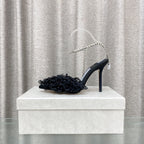 Jimmy Choo Saeda Pumps Black Mesh Lambskin 668535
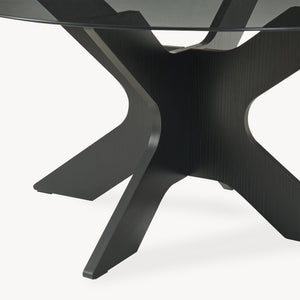 Sofabord Imi med glasplade Ø70x35 cm Sort/Grå [en.casa]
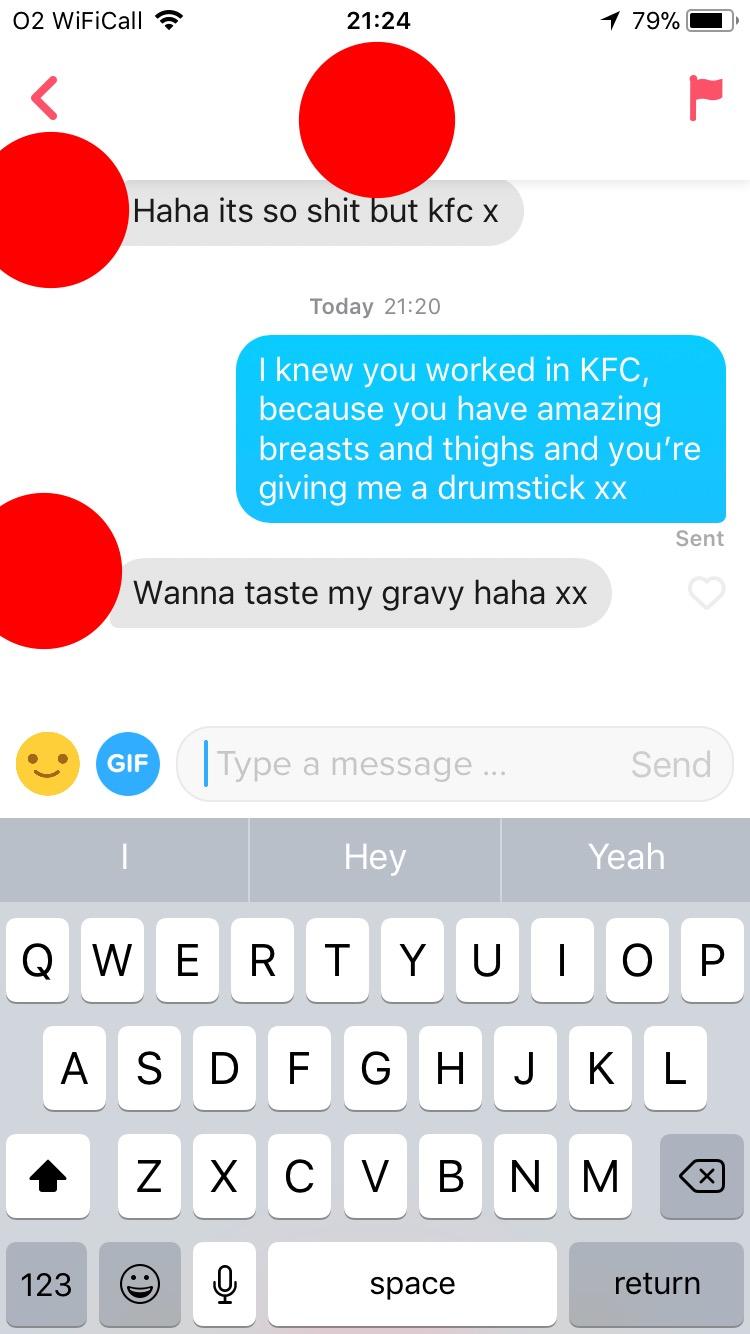 KFC worker pick up line - with good reply : rTinder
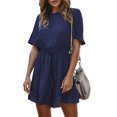 thumbnail image 1 of DYMADE Femmes Mode Vacances Style Couleur Unie Volant Manches Courtes Col Rond Casual Combinaison, 1 of 3
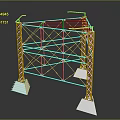 Sturdy Metal Truss Structure With Cross Metal Bars And Base Supports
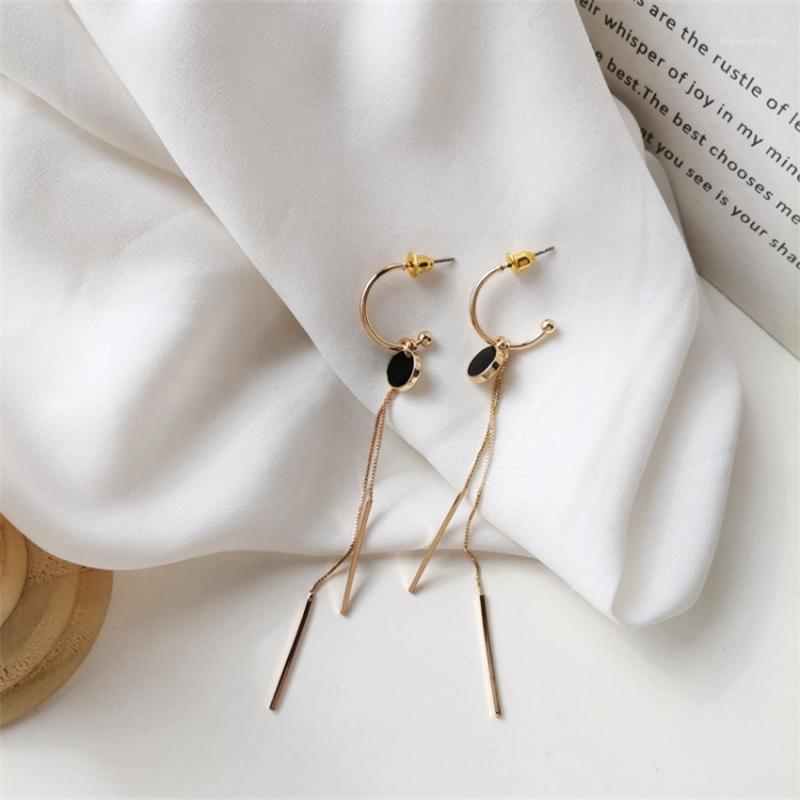

Temperament restoring ancient ways geometrical C shape long tassel simple eardrop, the earring of Korean woman1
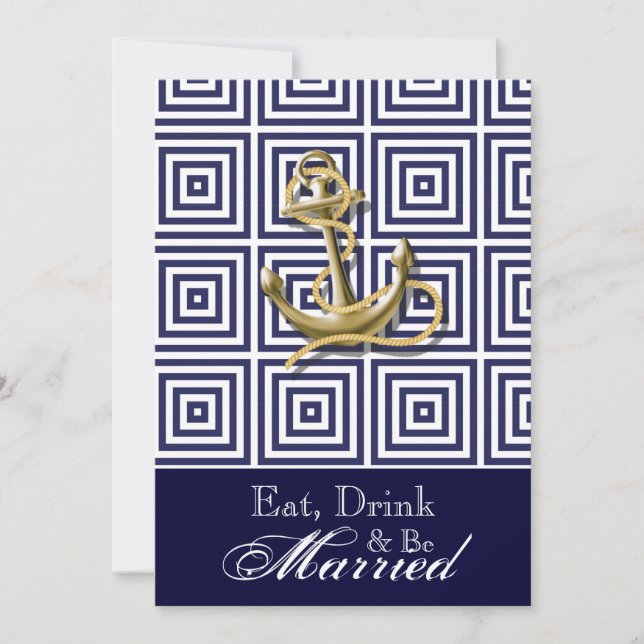 Invitation Dîner de répétition nautique de la Marine Blue mot (Devant)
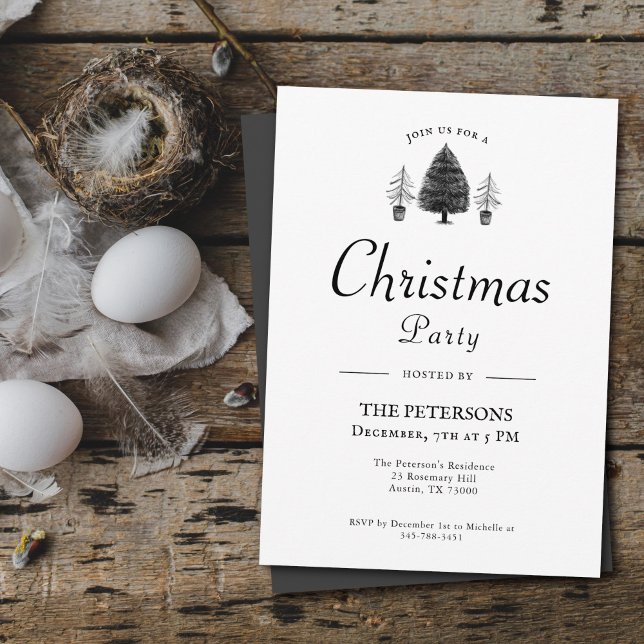 Convite Rustic Black & White Christmas Tree Christmas (Rustic Christmas Party Invitation  | Christmas Tree Drawings With Vintage Vibes)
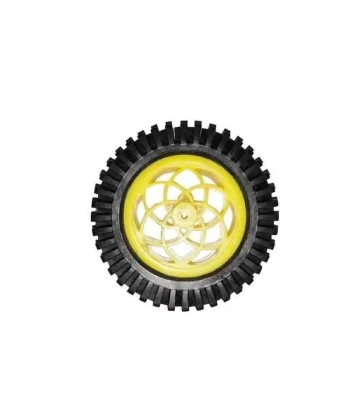 79mm Plastik Arazi Tekerleği - Sarı Plastik Motor Uyumlu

□ □ □

> _Work request_
Locate the line containing "Sofabord Imi med" in the material above, then repeat it and every later line exactly, with no pictures.

> _Result of the exercise_
 Sofabord Imi med glasplade Ø70x35 cm Sort/Grå [en.casa]
 KFC worker pick up line - with good reply : rTinder
 thumbnail image 1 of DYMADE Femmes Mode Vacances Style Couleur Unie Volant Manches Courtes Col Rond Casual Combinaison, 1 of 3
 Sturdy Metal Truss Structure With Cross Metal Bars And Base Supports

Temperament restoring ancient ways geometrical C shape long tassel simple eardrop, the earring of Korean woman1
 Invitation Dîner de répétition nautique de la Marine Blue mot (Devant)
 Convite Rustic Black & White Christmas Tree Christmas (Rustic Christmas Party Invitation  | Christmas Tree Drawings With Vintage Vibes)
 79mm Plastik Arazi Tekerleği - Sarı Plastik Motor Uyumlu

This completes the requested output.